The companies participating in the pilot program are going to help the FDA make these necessary changes and narrow down "key metrics and performance indicators for precertification" with regard to a company's digital health software.
Some of the key metrics and indicators looked at under the pilot are to inspect pilot companies facilities to ensure they meet quality standards and have the capabilities to adequately track their products once on the market. Once these companies pass the agency audits, they would be pre-certified and would face a less stringent approval process or potentially not have to go through the FDA approval process at all.
“Our team will be spending the rest of the year working closely with these companies to deepen our understanding of their technologies and their operations and methodologies,” Gottlieb told attendees during his keynote. “This collaboration is a key part of establishing the proper regulatory framework.”
"Our method for regulating digital health products must recognize the unique and iterative characteristics of these products," said Dr. Gottlieb. "We need to modernize our regulatory framework so that it matches the kind of innovation we’re being asked to evaluate, and helps foster beneficial technology while ensuring that consumers have access to high-quality, safe and effective digital health devices. These pilot participants will help the agency shape a better and more agile approach toward digital health technology that focuses on the software developer rather than an individual product."

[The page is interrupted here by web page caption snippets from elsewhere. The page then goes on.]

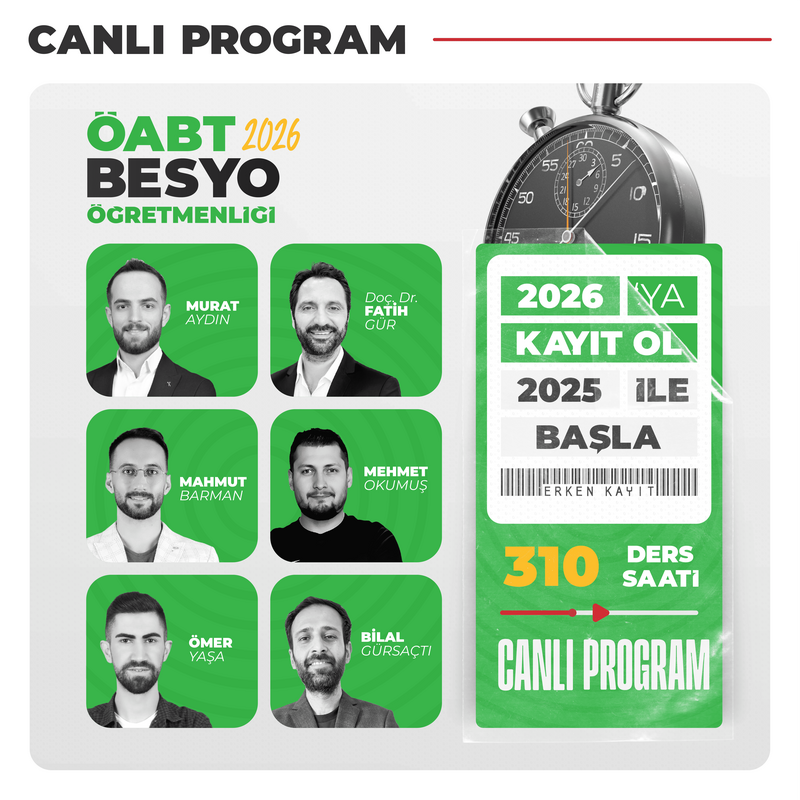 Beden Eğitimi ÖABT 2026 | Canlı Program - Thumbnail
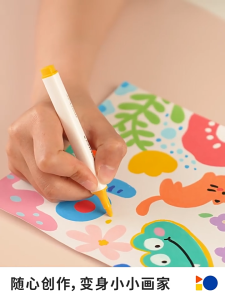 Upgraded Acrylic Paint Marker Pen Set | Art Drawing Markers for Kids | DIY Colorful Painting Material | School Supplies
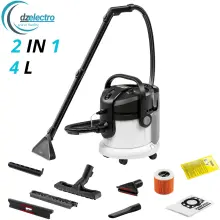 Karcher  Aspirateur Laveur  SE4 PLUS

What this means for consumers
Many of us already use wearable devices and apps that track heart rate, yet most of these devices do not have the FDA stamp of approval.
While most of the apps on the market do not require FDA approval, more sophisticated software that allows consumers to track more specific medical conditions will need oversight. This program will allow the FDA to get out in front of a coming wave of software development to monitor and asses medical conditions.
Software is key to this program because the FDA isn't looking at individual devices made by these participating companies. Rather, the FDA will consult with Apple, Fitbit, and others about what aspects should be included in a company's digital health software in order for it to be "pre-certified."
The future of medical devices in healthcare is less about physical products and more about software. The FDA should be applauded for recognizing this.
What this means for companies like Apple?
For one, Apple and other companies will be motivated to develop software now that the process will be more defined.
The motivation wasn't always there for companies like Apple.
For example, Tim Cook previously said that the lengthy FDA approval process was one reason for letting their app partners create more complex medical tracking with the Apple Watch.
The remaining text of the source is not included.